At some point or another a blogger will find themselves staring at their analytics and wondering why their readership is not growing or not growing as fast as they would like. Maybe you have alerts set up that track your progress. Those alerts notifying you of record daily visits leave you elated. Those that warn you of lower than expected traffic and higher than normal bounce rates have the opposite effect. However you measure success resist the urge to analyze daily or even weekly until you have some content under your belt.
Now that we have stepped away from our charts, let us look at what works.
We talk about content a lot, especially publishing quality content consistently. But how do you find your sweet spot, professionalism with an original voice? Kelly of Design Crush suggests embracing simplicity and rounds up six Tips and Tricks resources that include action plans and schedules. Victoria of A Subtle Revelry believes it is a combination of why you want to blog and being "buzz worthy" so that other bloggers will want to share it. (Read more about what she means by "buzz worthy.") Why is important to find your sweet spot? Monica of Smart Creative Women interviews Melanie of You are My Fave about the impact content can have on your readership.

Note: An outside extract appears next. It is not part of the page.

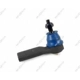 Purchase Top-Quality Outer Tie Rod End by MEVOTECH ORIGINAL GRADE - GS40615 pa2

You want to let people know about what you are doing without feeling like a salesperson. Erin of Apartment34 explains in an interview with Monica why you should think of social media as communication tools. Ciera of Ciera Design shares how you can use social media to let people know you have a blog. The key not sounding salesy? Diversify your content and actually be social. A few posting guidelines for Twitter and Instagram that can help.
- On Twitter, follow an 7:2:1 rule. For every 2 personal updates or mentions of your content, share 7 pieces of content others have produced, and interact with 1 person. Be selective with your curated third-party content. It needs to support your branding. Basically if someone was to meet you online for the first time and review your stream, they should not see a page of updates only about your blog or the appearance of a clique (interactions only with a handful of people). If you are a business, follow a 5:3:2 rule. For every 2 product updates, retweet and respond to 3 mentions by fans, and retweet or share 5 pieces of content others have produced that supports your brand.